MATERIAL PROVIDED
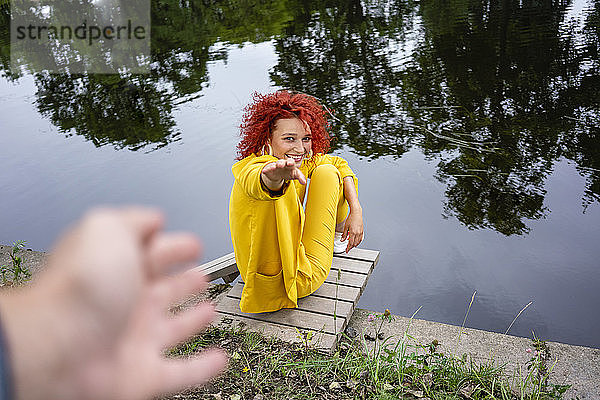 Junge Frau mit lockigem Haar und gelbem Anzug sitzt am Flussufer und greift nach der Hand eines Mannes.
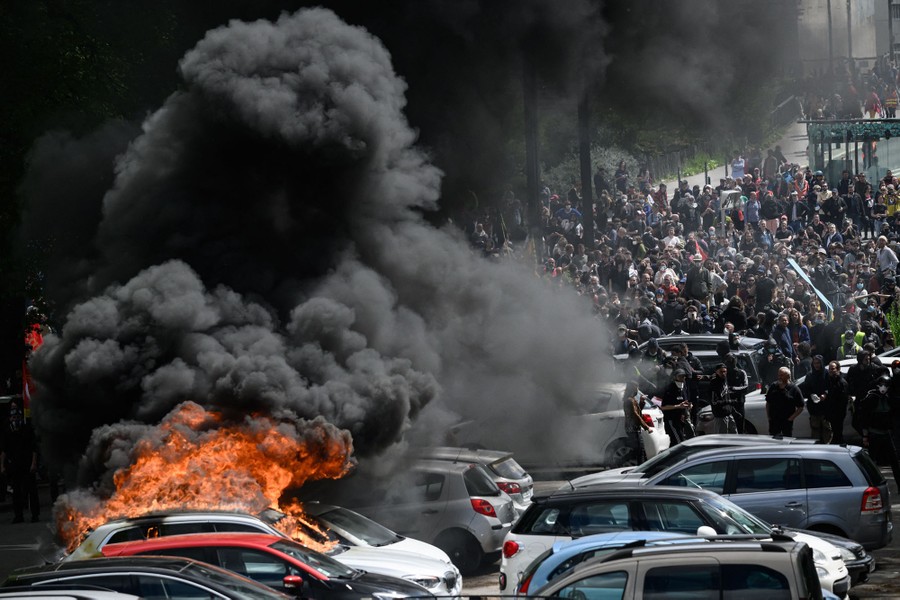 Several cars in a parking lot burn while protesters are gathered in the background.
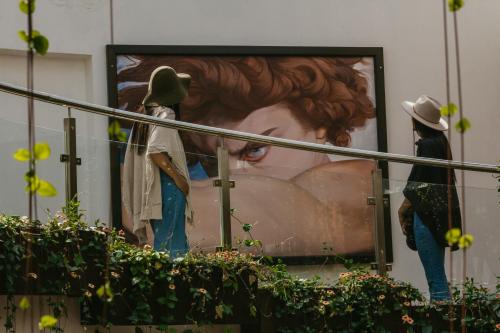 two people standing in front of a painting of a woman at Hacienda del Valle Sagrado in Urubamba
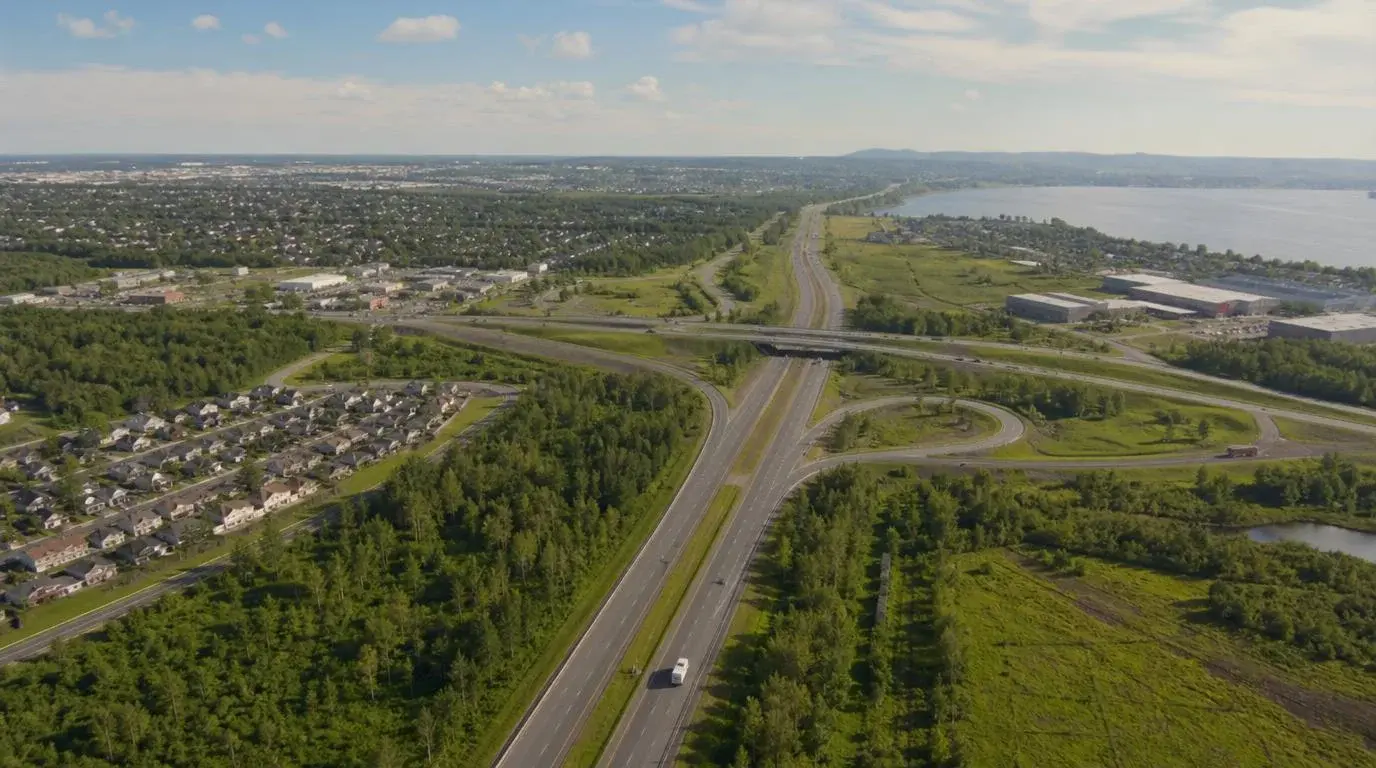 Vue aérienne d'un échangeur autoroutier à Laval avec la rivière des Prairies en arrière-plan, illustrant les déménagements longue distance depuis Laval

YOUR GOAL
Please set down, word for word, the lines starting at the line that holds "Several cars in" and running to the end of the listing, with no pictures.

EXERCISE RESPONSE
 Several cars in a parking lot burn while protesters are gathered in the background.
 two people standing in front of a painting of a woman at Hacienda del Valle Sagrado in Urubamba
 Vue aérienne d'un échangeur autoroutier à Laval avec la rivière des Prairies en arrière-plan, illustrant les déménagements longue distance depuis Laval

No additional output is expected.